■ Task to complete: Apart from the images, every record here needs to be copied exactly.

■ Provided records:
################
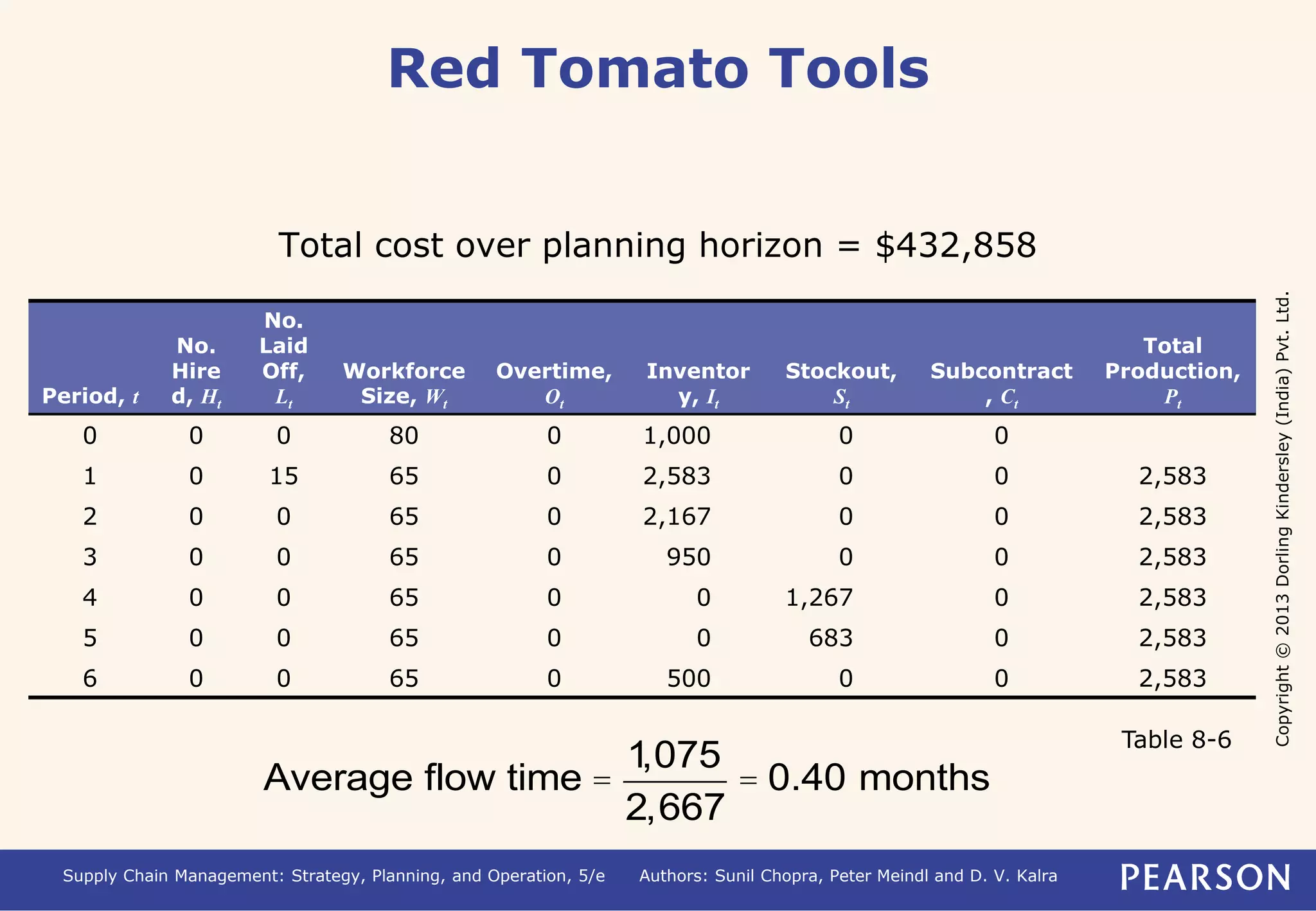 Copyright © 2013 Dorling Kindersley (India) Pvt. Ltd. 
Red Tomato Tools 
Total cost over planning horizon = $432,858 
Period, t 
No. 
Hire 
d, Ht 
No. 
Laid 
Off, 
Lt 
Workforce 
Size, Wt 
Overtime, 
Ot 
Inventor 
y, It 
Stockout, 
St 
Subcontract 
, Ct 
Supply Chain Management: Strategy, Planning, and Operation, 5/e Authors: Sunil Chopra, Peter Meindl and D. V. Kalra 
Total 
Production, 
Pt 
0 0 0 80 0 1,000 0 0 
1 0 15 65 0 2,583 0 0 2,583 
2 0 0 65 0 2,167 0 0 2,583 
3 0 0 65 0 950 0 0 2,583 
4 0 0 65 0 0 1,267 0 2,583 
5 0 0 65 0 0 683 0 2,583 
6 0 0 65 0 500 0 0 2,583 
Table 8-6 
Average flow time = 
1,075 
2,667 
= 0.40 months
################
■ Task solution:
 Copyright © 2013 Dorling Kindersley (India) Pvt. Ltd. 
Red Tomato Tools 
Total cost over planning horizon = $432,858 
Period, t 
No. 
Hire 
d, Ht 
No. 
Laid 
Off, 
Lt 
Workforce 
Size, Wt 
Overtime, 
Ot 
Inventor 
y, It 
Stockout, 
St 
Subcontract 
, Ct 
Supply Chain Management: Strategy, Planning, and Operation, 5/e Authors: Sunil Chopra, Peter Meindl and D. V. Kalra 
Total 
Production, 
Pt 
0 0 0 80 0 1,000 0 0 
1 0 15 65 0 2,583 0 0 2,583 
2 0 0 65 0 2,167 0 0 2,583 
3 0 0 65 0 950 0 0 2,583 
4 0 0 65 0 0 1,267 0 2,583 
5 0 0 65 0 0 683 0 2,583 
6 0 0 65 0 500 0 0 2,583 
Table 8-6 
Average flow time = 
1,075 
2,667 
= 0.40 months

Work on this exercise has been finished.